I got this pistol in a group trade from my homie BigRon. I think it's awesome! However I made a few changes. The handle was just to large for even my good sized mits. Also I had an idea about rotating fork slingshots. That idea being that they don't need to rotate 360° but really only need to tilt about 10 or 15 degrees. I believe this slingshot was designed to be epoxied together. Instead I used a bolt and a bushing to secure it. Here is what I've got. It still needs a little fine tuning but I think the tilt idea will cover all the adjustment that will be needed.


----------



## M.J (Nov 1, 2010)

I think that's going to work well :thumbsup:
Pistol grip designs are a good time.


----------



## oldmiser (Jan 22, 2014)

Sure looks like your on to some thing there...Would like to know it the shooter does when your all fine tuned..~AKAOldmiser


----------



## Lee Silva (Feb 9, 2013)

Sweet! I had not seen this type of frame before Roger's last post and now this.... Looks like fun, and I'm with ya all the way regarding the spinning fork.. I modded mine with a positive stop as well. Doesn't make it shoot any better! But doesn't make me dizzy anymore, either! Henrie's design is fantastic, and shoots very well.... I just didn't want it free to spin is all...


----------



## bigron (Nov 29, 2012)

Matt the mod looks awesome should be a sweet shooter when your done :headbang: :headbang:


----------



## deadeye (Jan 2, 2015)

Sweeeeeet!


----------



## Dayhiker (Mar 13, 2010)

That's pretty nice. And kudos for the insight about rotation limiting.


----------



## Can-Opener (May 11, 2013)

Spin Limit is a great idea. I have thought about this ever since I have seen these rotating head slingshot that Roger makes.


----------



## ImA4Wheelr (Mar 24, 2015)

Nice original build (BigRon?) and mods. I like to use coconut oil on woods (such as folding knives) that I handed directly.

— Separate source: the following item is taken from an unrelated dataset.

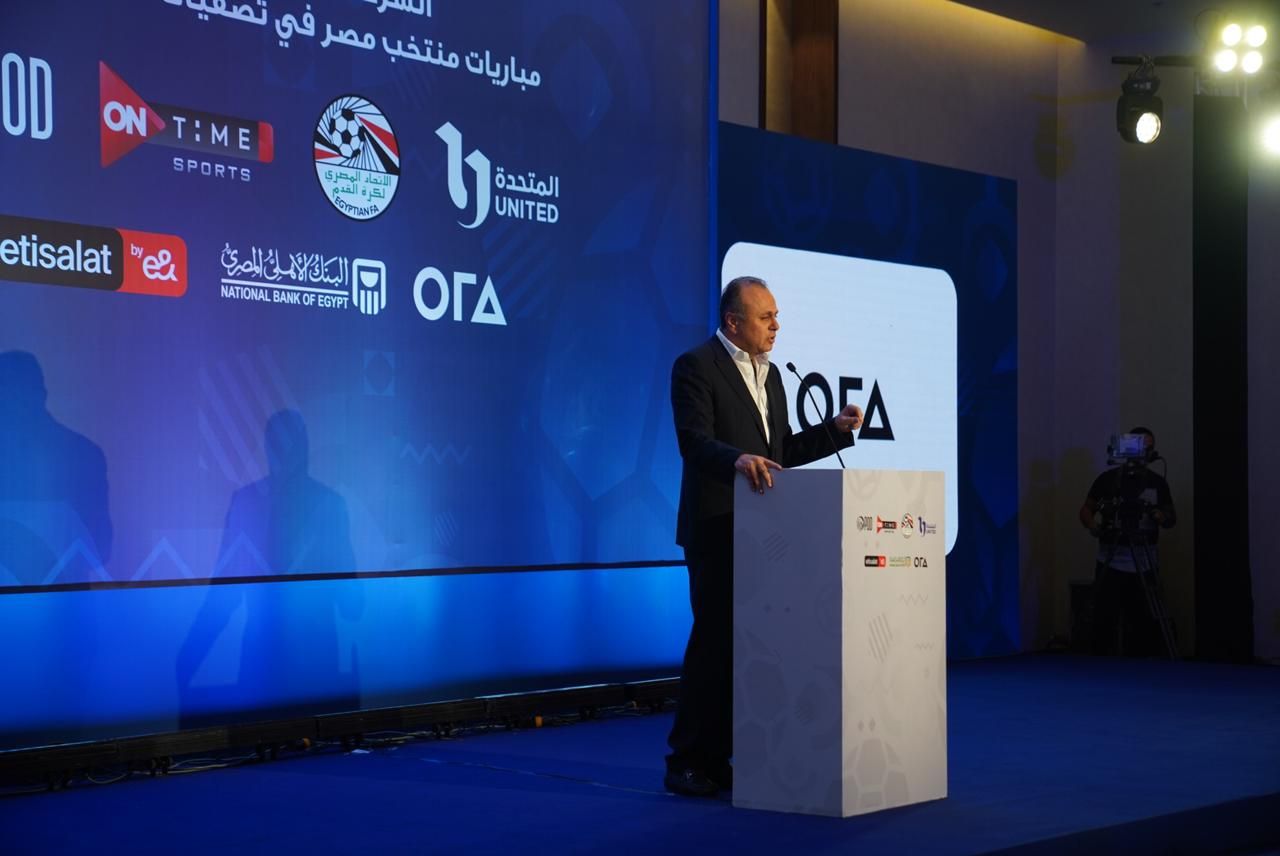 المتحدة تحصل على حقوق بث مباريات منتخب مصر فى تصفيات مونديال 2026 على مجموعة قنوات أون تايم سبورتس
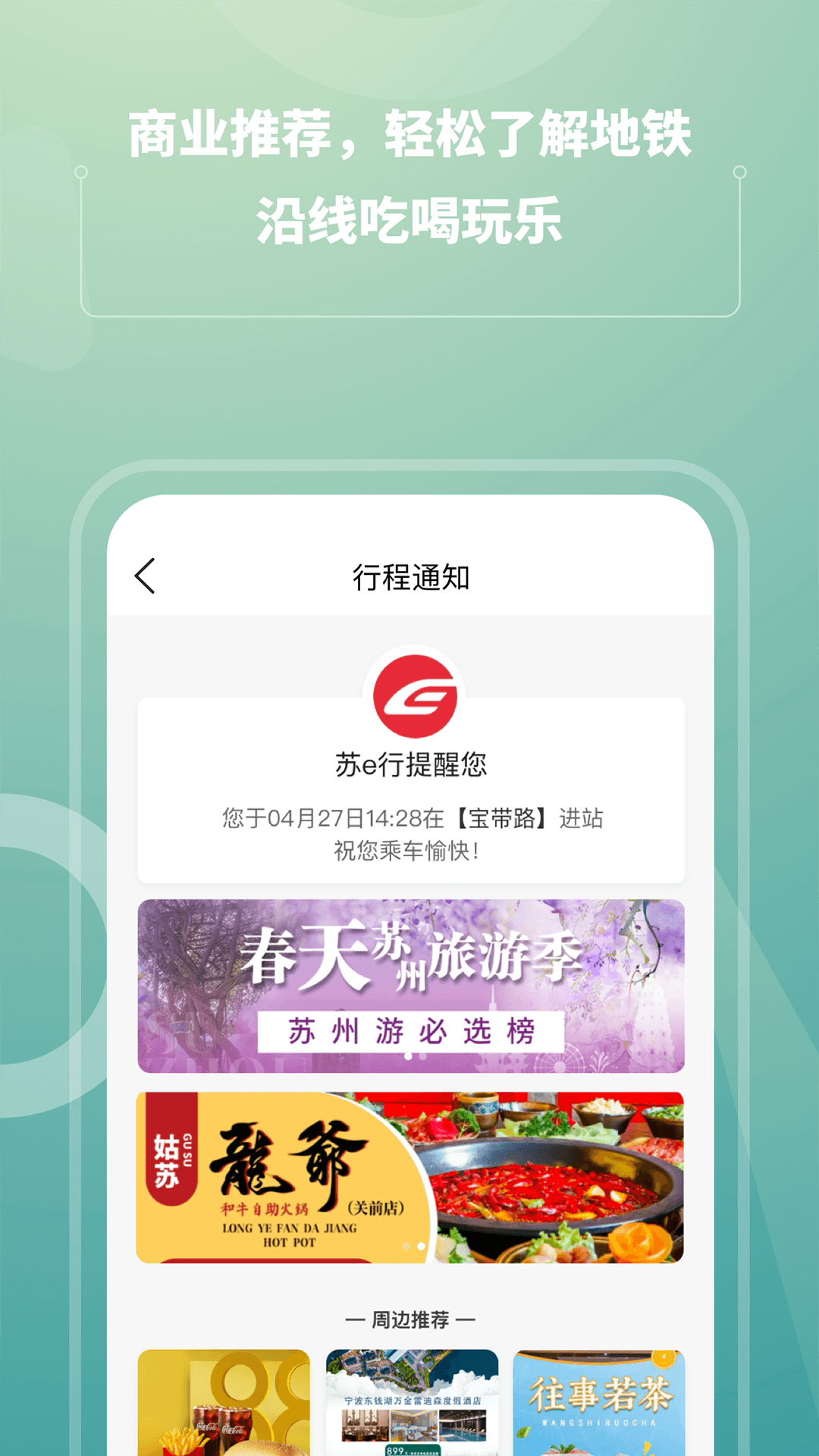 苏e行下载安装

Is the primary idea behind this type of rig to use longer tubes/get more stretch?


----------



## you'llshootyereyeout (Apr 5, 2014)

ImA4Wheelr said:


> Nice original build (BigRon?) and mods. I like to use coconut oil on woods (such as folding knives) that I handed directly.
> 
> Is the primary idea behind this type of rig to use longer tubes/get more stretch?


The original builder is PorkChopSling. I got this shooter in a trade with BigRon. Yep you got the idea. Increase your draw leingth.


----------